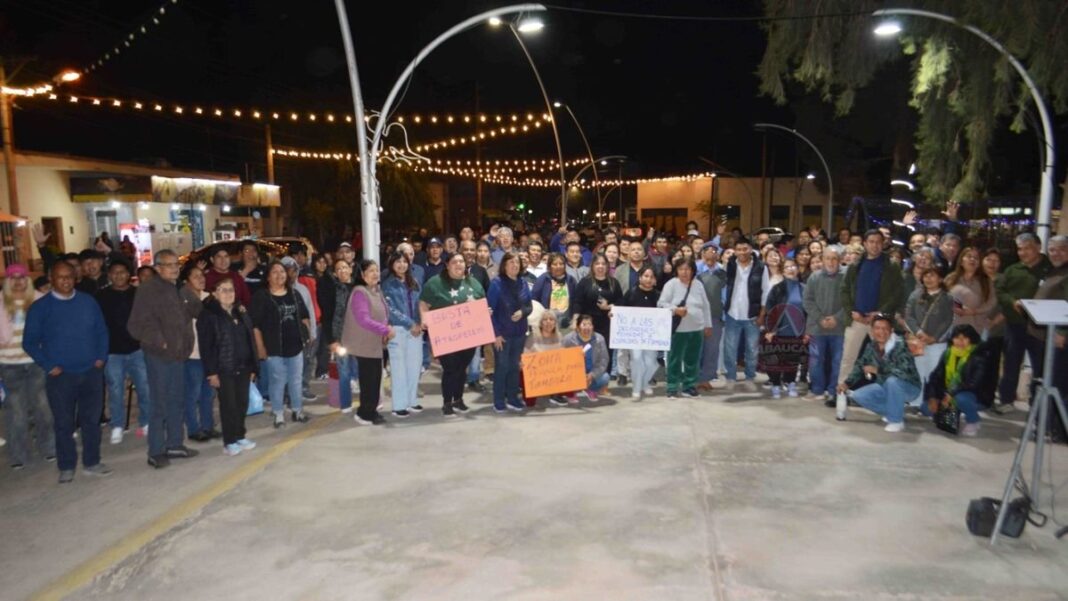 Vecinos de Fiambalá reunidos durante la manifestación para pedir la instalación de la Zona Franca en esa localidad
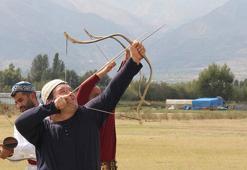 Erzincan'da kemankeşler, oklarını en uzağa atmak için yay gerdi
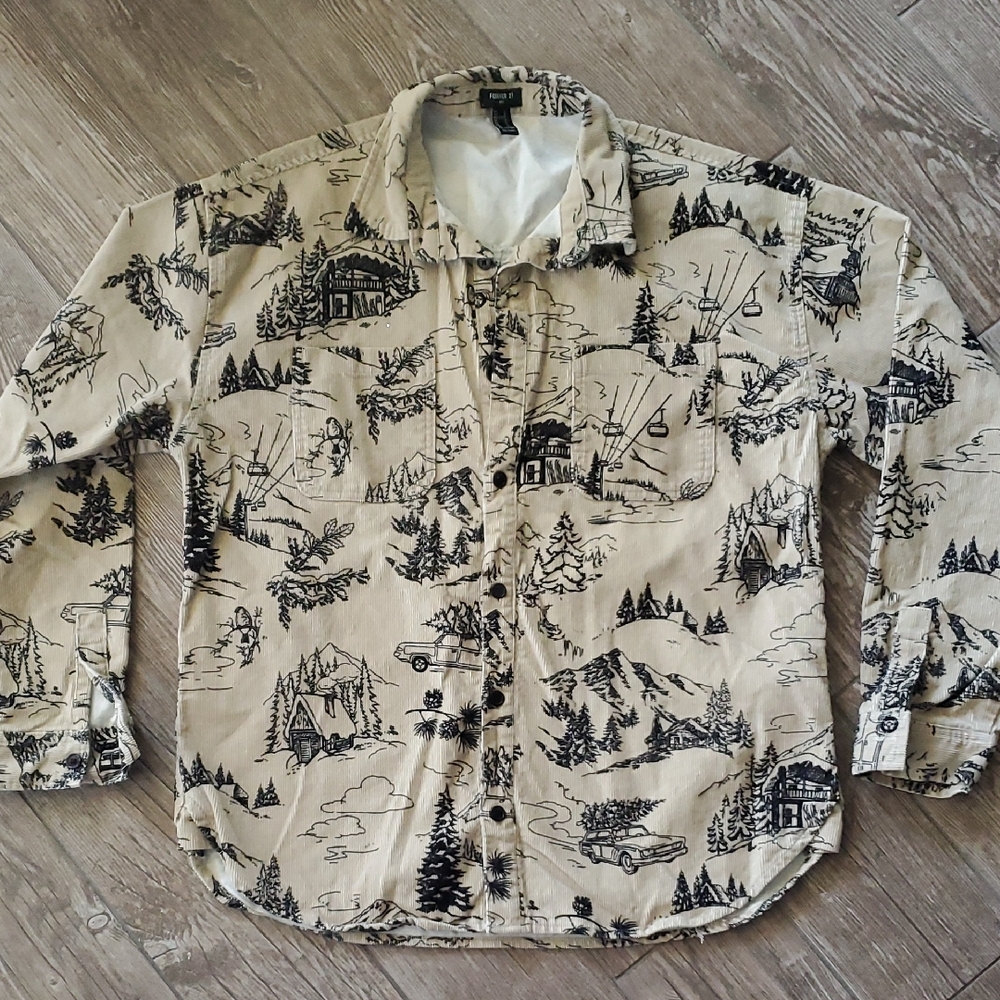 Forever 21 Men's Beige Button Up Shirt with Outdoor Themed Graphics. Sz Large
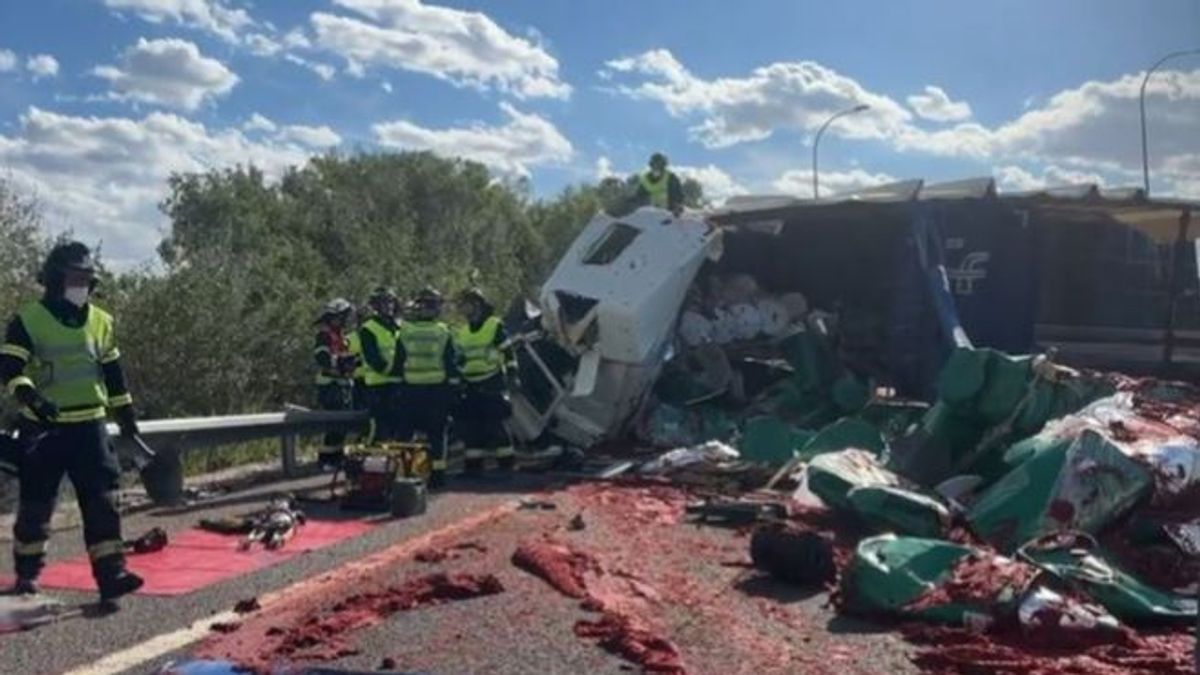 Un camionero muerto y otros dos conductores heridos leves tras chocar tres vehículos en la M-50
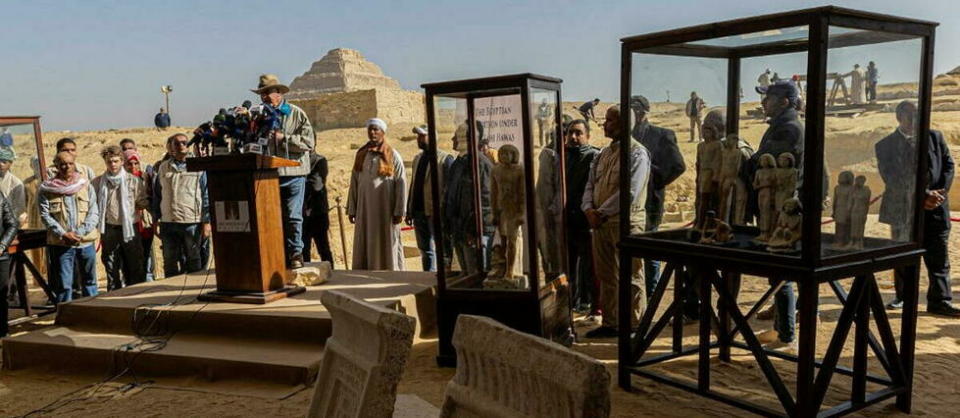 Zahi Hawass, archéologue égyptien très médiatique, a dévoilé de nouvelles découvertes du monde antique, datant de plusieurs milliers d'années avant notre ère.  - Credit:KHALED DESOUKI / AFP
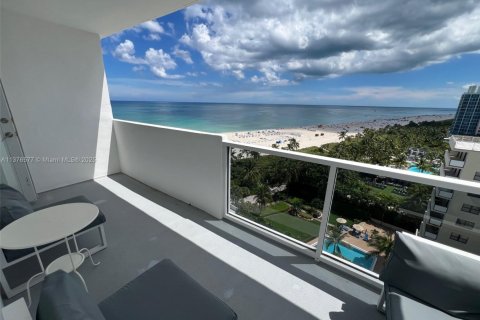 Condo in Miami Beach, Florida, 1 bedroom  № 1963061 - photo 3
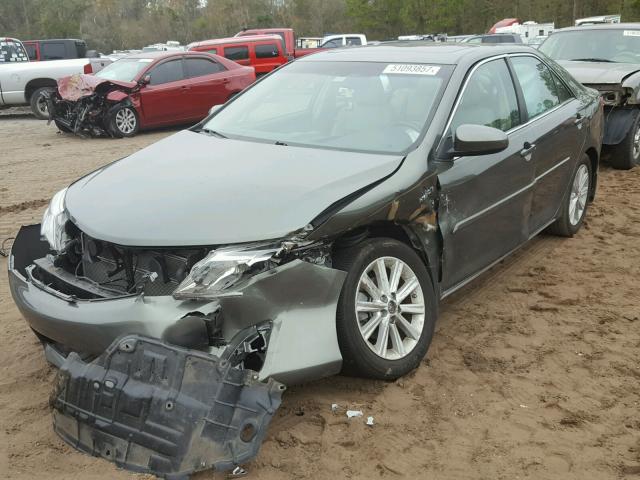 4T1BD1FK7CU055226 - 2012 TOYOTA CAMRY HYBR GREEN photo 2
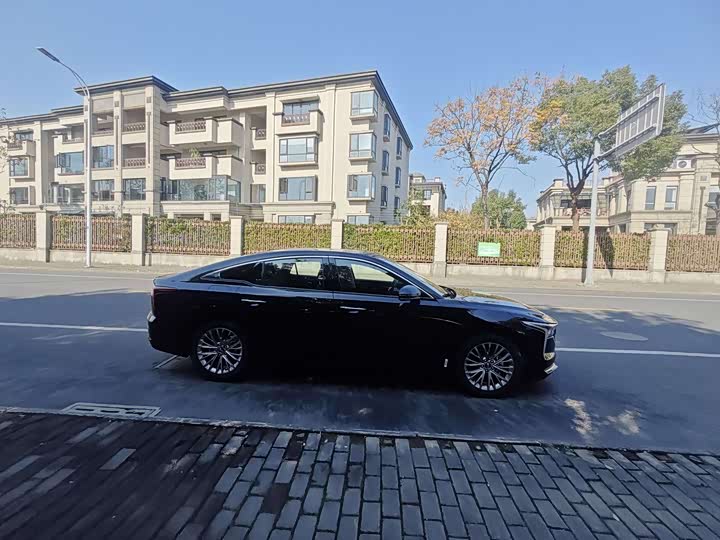 Фото 4 - Bestune B70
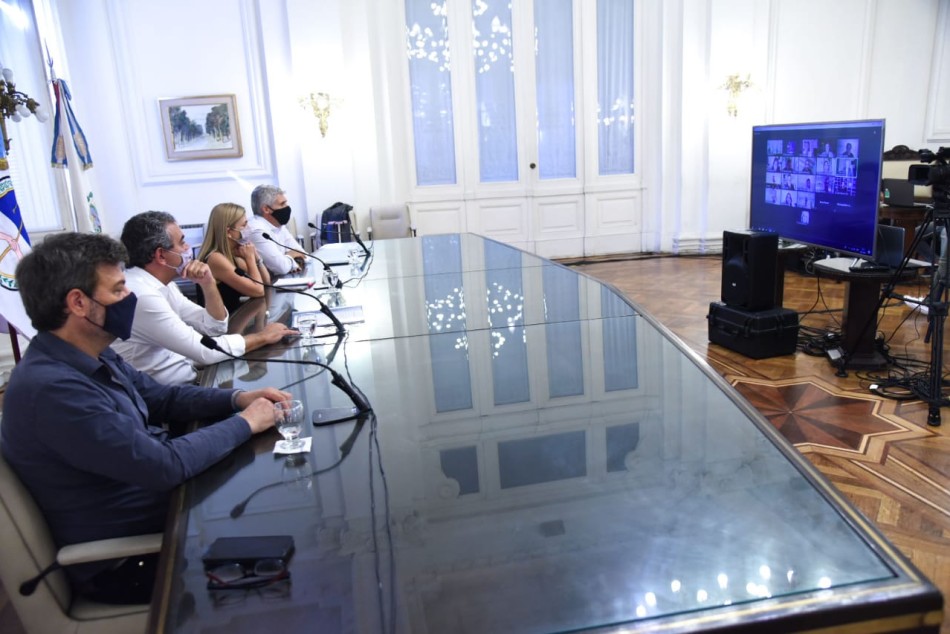 305274 | Presentación Rosarinos por el mundo - Marcelo Beltrame (Subsecretaría de Comunicación Social)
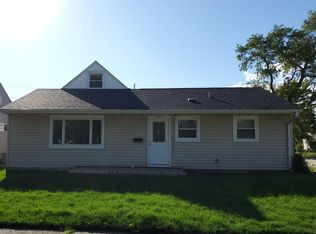 6102 43rd Ave, Kenosha, WI 53142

## Goal of the exercise
Would you transcribe all of the data exactly, apart from its pictures?

## Response area
 Vecinos de Fiambalá reunidos durante la manifestación para pedir la instalación de la Zona Franca en esa localidad
 Erzincan'da kemankeşler, oklarını en uzağa atmak için yay gerdi
 Forever 21 Men's Beige Button Up Shirt with Outdoor Themed Graphics. Sz Large
 Un camionero muerto y otros dos conductores heridos leves tras chocar tres vehículos en la M-50
 Zahi Hawass, archéologue égyptien très médiatique, a dévoilé de nouvelles découvertes du monde antique, datant de plusieurs milliers d'années avant notre ère.  - Credit:KHALED DESOUKI / AFP
 Condo in Miami Beach, Florida, 1 bedroom  № 1963061 - photo 3
 4T1BD1FK7CU055226 - 2012 TOYOTA CAMRY HYBR GREEN photo 2
 Фото 4 - Bestune B70
 305274 | Presentación Rosarinos por el mundo - Marcelo Beltrame (Subsecretaría de Comunicación Social)
 6102 43rd Ave, Kenosha, WI 53142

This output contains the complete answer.